Almost certain the "closed in" effect was a later idea. Do not have any examples here in the library of closed in verandahs like yours, that were done originally .... that's not to say it isn't possible, I just can't find any examples in the 6 or 7 books I checked in. 
Anyway, this is the idea:

----------


## Artiglass

> are you going to replicate the existing panels in the longer runs?

     if you mean the pieces with the cross cut out in it they will be what I will replicate and I think put just one in the middle of each new section and balusters each side but open to suggestion there.  Each "run" is approx 2400 wide, most of them... one is 2790 and one 1800, two are 900 and 760 around the other steps other side of verandah  :Smilie:

----------


## Artiglass

Just showed the picture you posted to my husband and he likes the alternating baluster sizes as you have shown very much  :Smilie:

----------


## seriph1

thanks ... repetition was a common element in Victorian era buildings .... 'blocked' asymmetry (like groups of one's two's three's four's reversed and repeated etc.) emerged as popular from around 1910. 
Also, a single (or two, or three spaced apart depending on run length) vertical stainless rod would work to support the centres of the bottom rails and be practically invisible. 
BTW systems as I drew take a good amount of planning  -  often built and fitted on the ground. If 30mm spacing was the preference, then making a LOT of 30mm spacer blocks would be a good idea ....  
What is the thickness of the trefoil panels?

----------


## Artiglass

> thanks ... repetition was a common element in Victorian era buildings .... 'blocked' asymmetry (like groups of one's two's three's four's reversed and repeated etc.) emerged as popular from around 1910. 
> Also, a single (or two, or three spaced apart depending on run length) vertical stainless rod would work to support the centres of the bottom rails and be practically invisible. 
> BTW systems as I drew take a good amount of planning  -  often built and fitted on the ground. If 30mm spacing was the preference, then making a LOT of 30mm spacer blocks would be a good idea ....  
> What is the thickness of the trefoil panels?

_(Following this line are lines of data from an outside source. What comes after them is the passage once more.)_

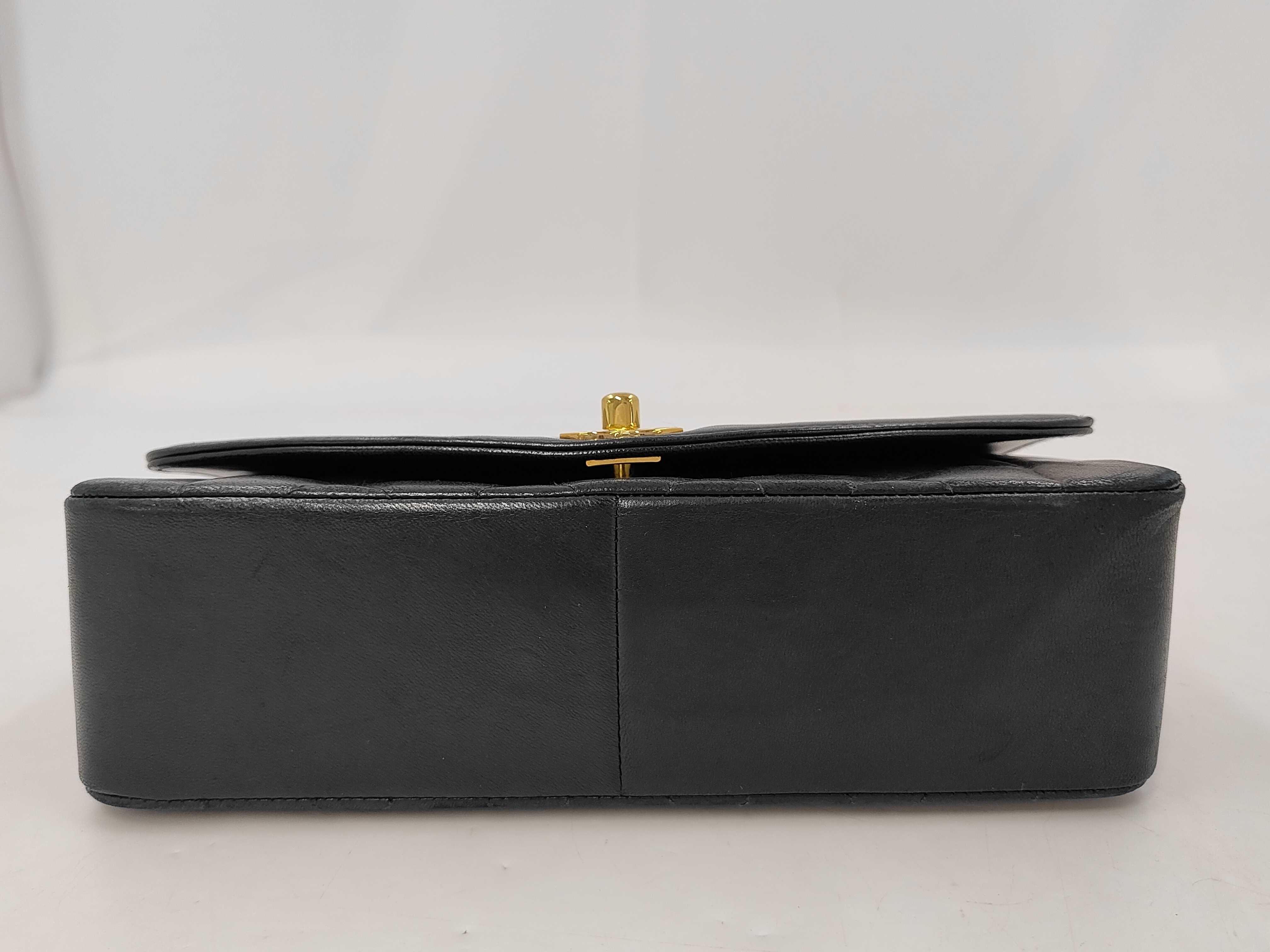 Calfskin Matelassé 25 Shoulder Bag, Lambskin, Black, Gold Hardware — view 4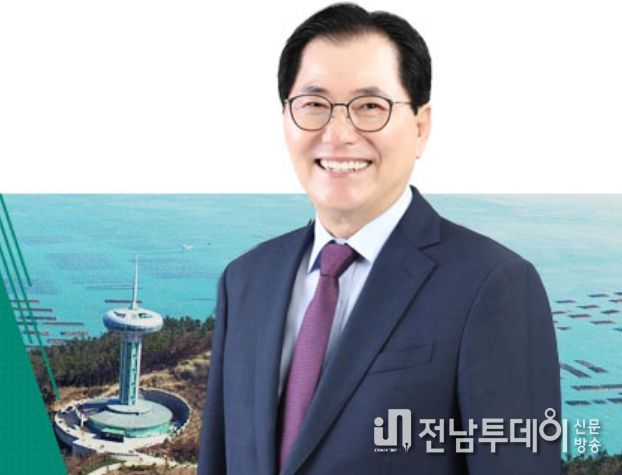 신우철 완도군수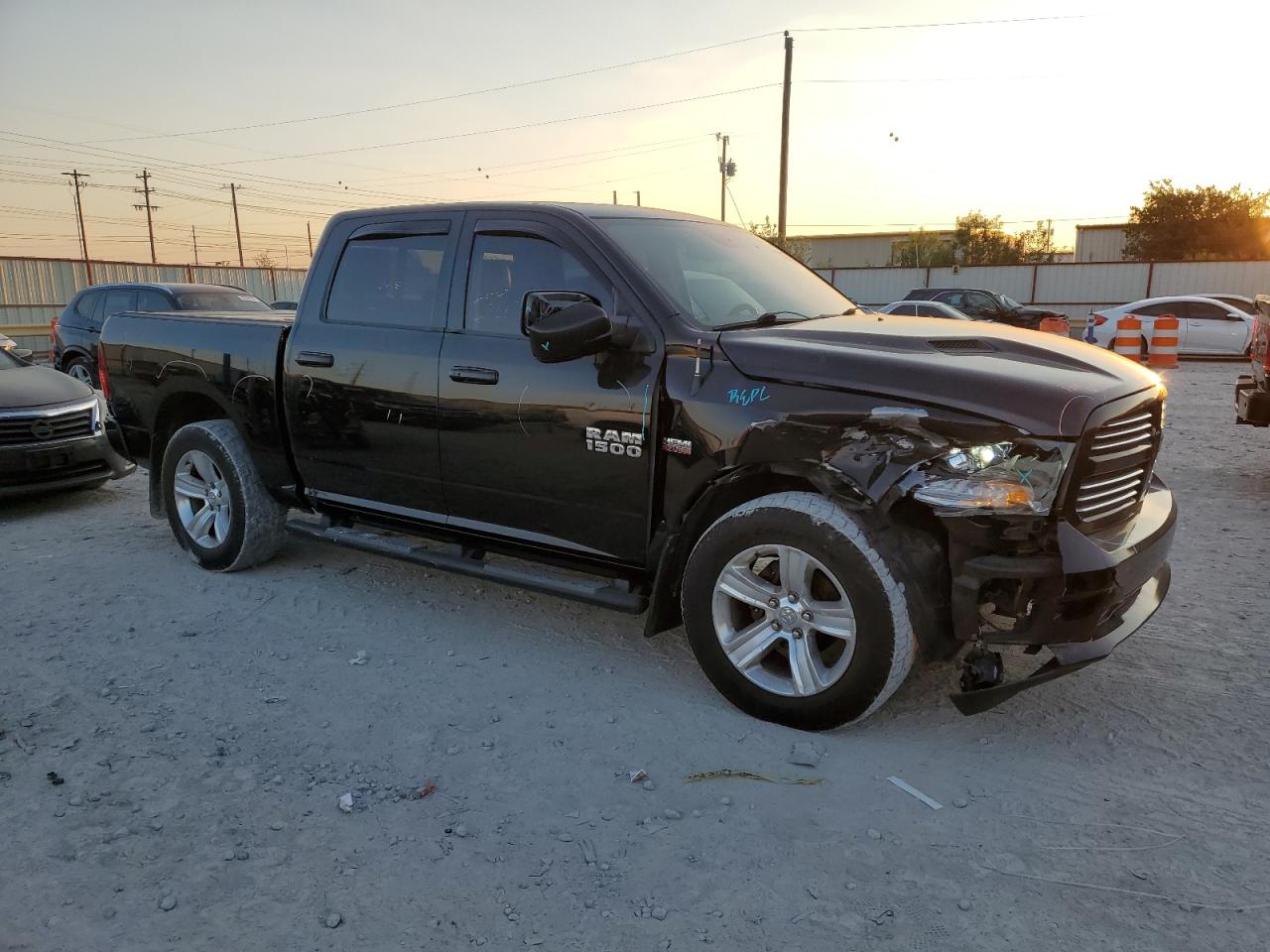 2014 RAM 1500 - Image 4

  Thickness of the cross panels is 32mm and they are 200mm wide.  The ones I will make will be about 140mm wide.
The rebated allowance under the top railing is 40mm so I will sit them forward and use an appropriate piece of beading behind to tidy up the gap. 
With regard to painting the top rails and bottom rails will be indian red, the balusters will be a cottage cream and the decorative panels yet to be decided...either a lighter red shade, a dark grey or a green ( not bright green or not federation green ). Vertical posts will be indian red. 
Its seems by this old photo  
That the trend for painting the verandah posts was only up so far so I will do that and use the cream up the top as well. 
Whatever third colour I choose I guess must be later used on the decorative parts of the gabled section as shown in this photo   
so in light of that maybe not green ( I am not a lover of most greens ) ...... 
dark grey maybe ??  
The proportions of the upright verandah posts are 150mm by 150mm.
We removed the iron handrail that went up the steps on the lefthand side for painting purposes. We will have to put some form of handrailing back for a couple of reasons.......my husband being one ( his dodgy knees ) and for older visitors. Design and style and economics of that yet to be determined.

----------


## seriph1

the trouble with the green that became prevalent in the 90's (commonly referred to as Brunswick green) is that it's simply too washed out to be authentic and effective .... also, many never coated their trims with enough coats to make it truly solid. 
there is an alternative which was used in Post-Federation Australia which was called "Emerald Hill"   -   it is so dark at dusk it looks black. In full light it is still very dark but I find it really yummy .... it may be a bit too much on your place but I doubt it, given the scale of the home. 
I love (the right) grey when it is done right. Your Indian Red, Cream, Green/Grey scheme while a wee bit cliché does look nice on Federation homes. ... of course, all this is only my opinion and as my darling wife always points out, what I know could very easily be written on the head of a pin .... with room to spare  :Biggrin:  
BTW is that a modern/recent extension on the right hand side of the home?

----------


## Artiglass

The extension on the right was added in the late sixties to house the extra franciscan monks that resided in the house..added were 3 bedrooms and a new bathroom and toilet area.  making the house now have 7 bedrooms, 3 sitting rooms, 5 with fireplaces. 
Recently I was talking to a local fellow who was ( with his business partner ) the man who did the addition. He is now in his mid seventies.  Prior to the addition the weatherboard part on at the back in the black and white photos was a washouse/bathroom plus verandah. Once the addition went on a cement slab was poured for the walkway area around in a u shape but the floors of the three new bedrooms are again jarrah ? floorboards.  
I will check out that colour you mentioned while I am out and about later, as I do like the blacky greens.

----------


## Artiglass

Noone could show me a sample of that emerald hill colour while I was out but found it online

----------


## seriph1

yes that's the one. Dont hold back from making up your own colour though. When i recommend such things to clients I add that it is always a good idea document any custom formulations.

----------


## Artiglass

> Existing breadloaf profile handrailing seems to be fitted as you have described by cutting in one end deeper than the other and sliding back then nailing with a skewed nail from the top. Hence the cutout section will be a different and a bigger shape than the railing we will have to fit. That may put paid to cutting the shape in for the new/old handrailing profile. 
> It may be necessary for some builders bog to be used. OR we use the old method as you suggested and use the existing cutout section and fill whatever hole or gap is left  ?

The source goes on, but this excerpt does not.